調査に基づく倫理学の基礎的研究 |
 |
|
|
これまで倫理学は「価値」「評価」に関わるが調査は「事実」に関わっており、両者は相容れないとされてきました。ところが、実際の問題を考察する倫理学では、現場の問題点、科学や技術の現状、法律の現状といった事実に基づく思考をしてきました。
また、そのような倫理的思考を遂行する際には、現在の人々の道徳的直感や倫理観を前提にしてもいます。「調査に基づく倫理学の基礎理論」は、それらを調査解析(統計的手法を用いての)する際の、基本的な諸問題を検討するものです。
この分野は倫理学研究者にとって重要な問題を扱うものですが、内外に研究者がほとんどいないのが現状です。
拙著『自己決定の時代の倫理学-意識調査にもとづく倫理的思考』(九州大学出版会2001年)はその序論的役割を果たしましたが、本格的な研究を現在始めたところです。 |
意識調査を社会的合意形成の基礎に用いることについては多くの批判がありますが、倫理学理論についての深い知識と調査への習熟を兼ね備えた研究者による調査であれば、そのような批判は生じないと考えられます。
社会的合意形成の方法として私は、ジョン・ロールズの提唱した「反省的均衡」が最適であると思います。
その方法が見るべき成果を挙げてこなかったのは、調査のできる倫理学研究者がいなかったことによります。「反省的均衡」を適用する際の最も困難なプロセスは、人々の判断から基礎理論を導くことにありますが、私は、意識調査によってそれを突破できると考えています。

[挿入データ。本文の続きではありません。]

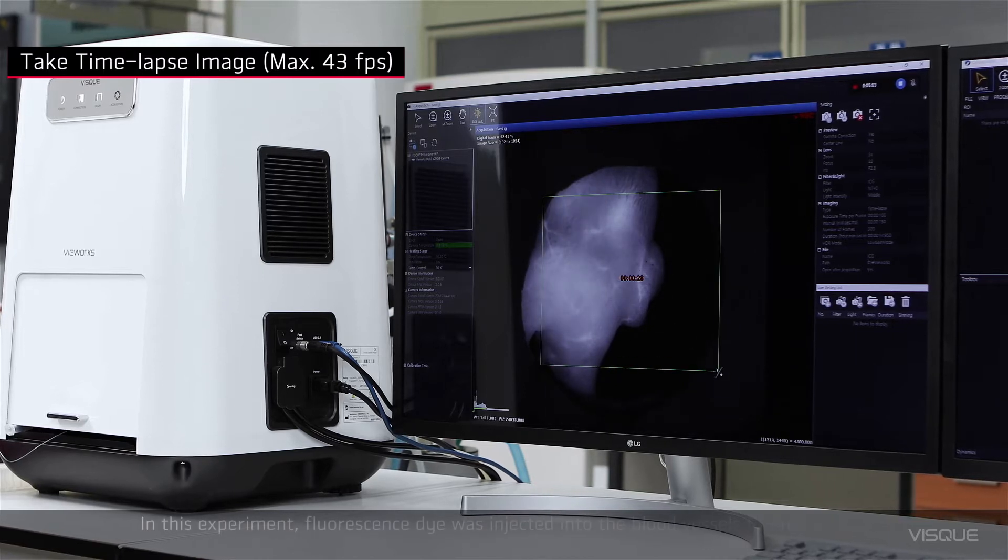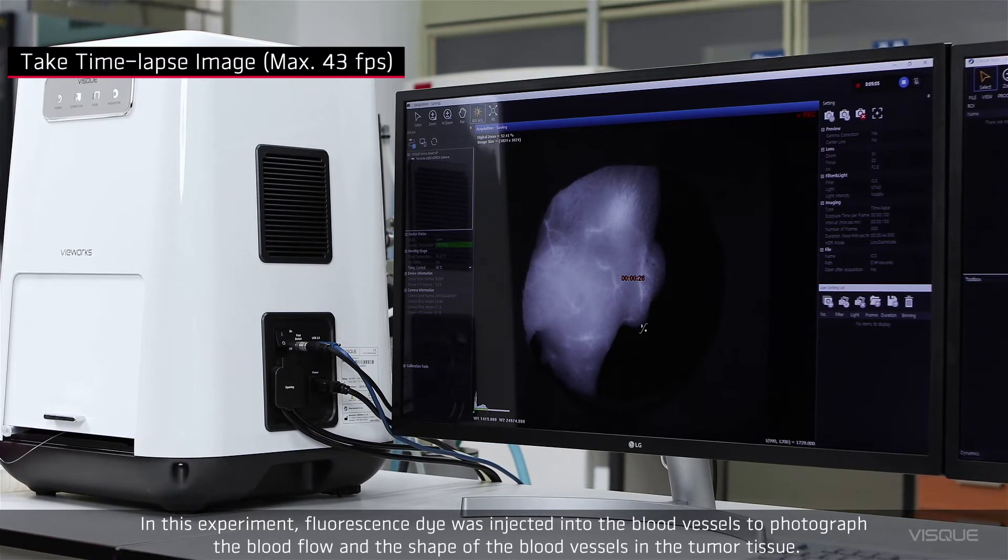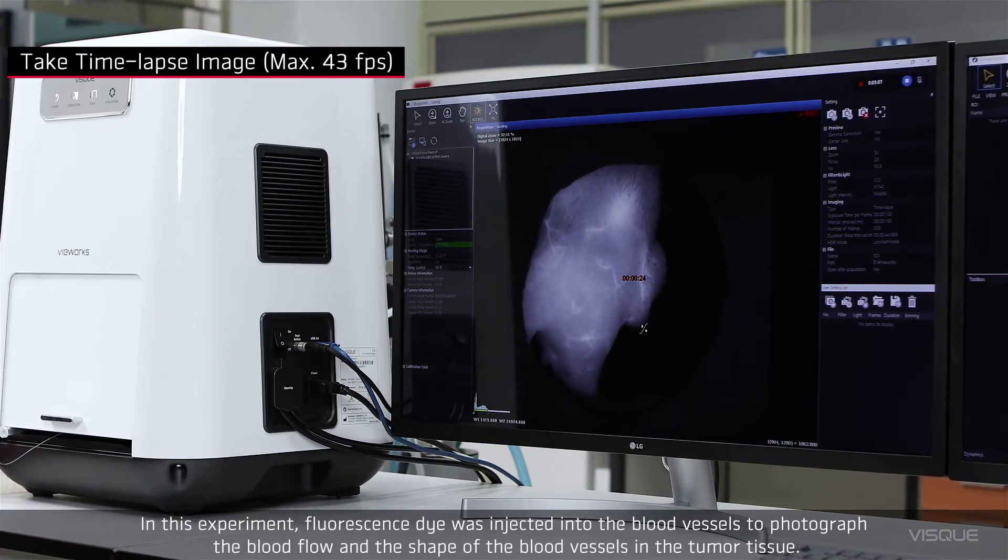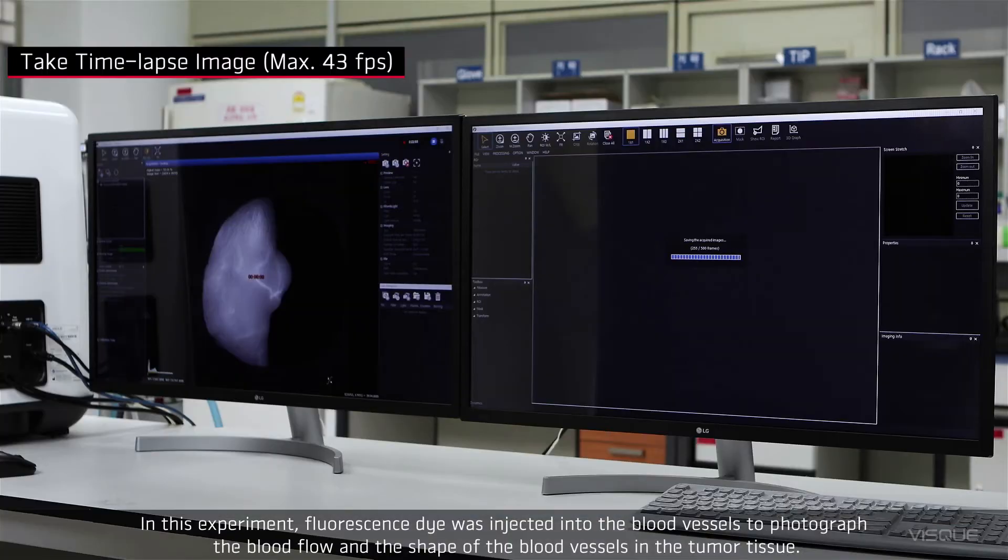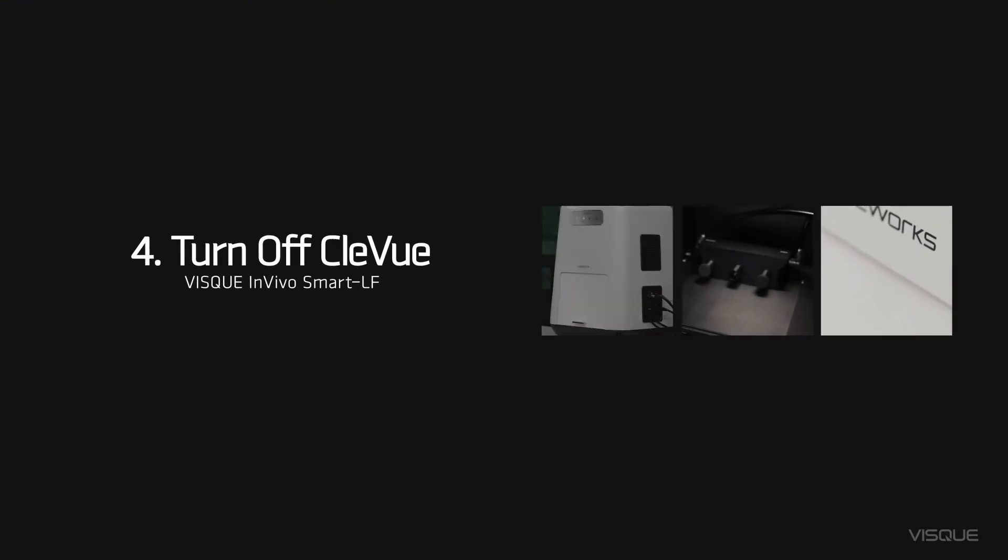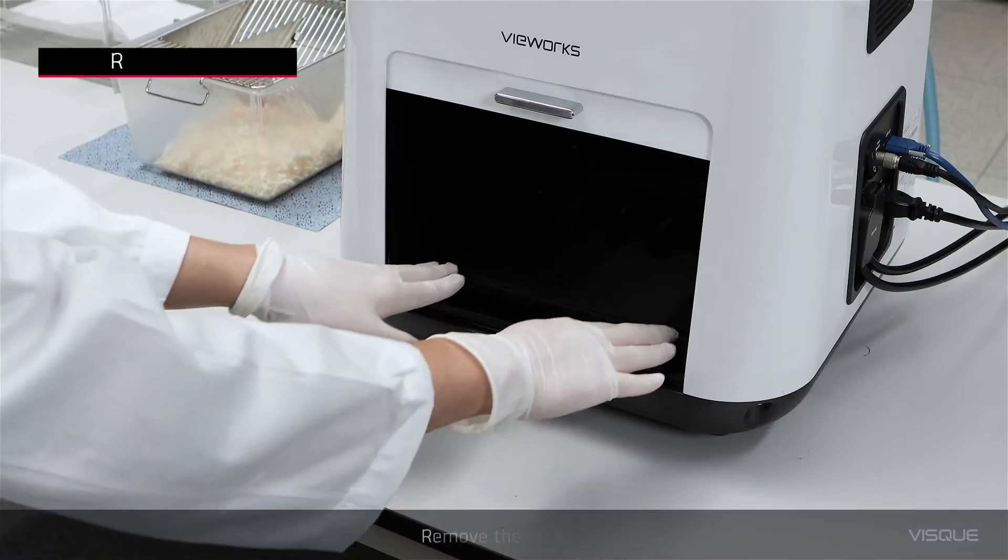In this experiment, fluorescence dye was injected into blood vessels to photograph the blood flow and the shape of the blood vessels into tumor tissue. Remove the mouse.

実際に私は、「ヒト胚」の問題等について、「反省的均衡」の適用を試みてきましたが、調査と倫理の基礎理論を踏まえて、それら個別の調査研究を纏め上げる時期に来ています。 |
|

|
[キーワード] 調査に基づく倫理、事実と価値、反省的均衡、社会的合意形成、応用倫理学の方法論 |
|
生命倫理、環境倫理、情報倫理等の応用倫理の方法論を考える上で、調査による解析は不可欠と思われます。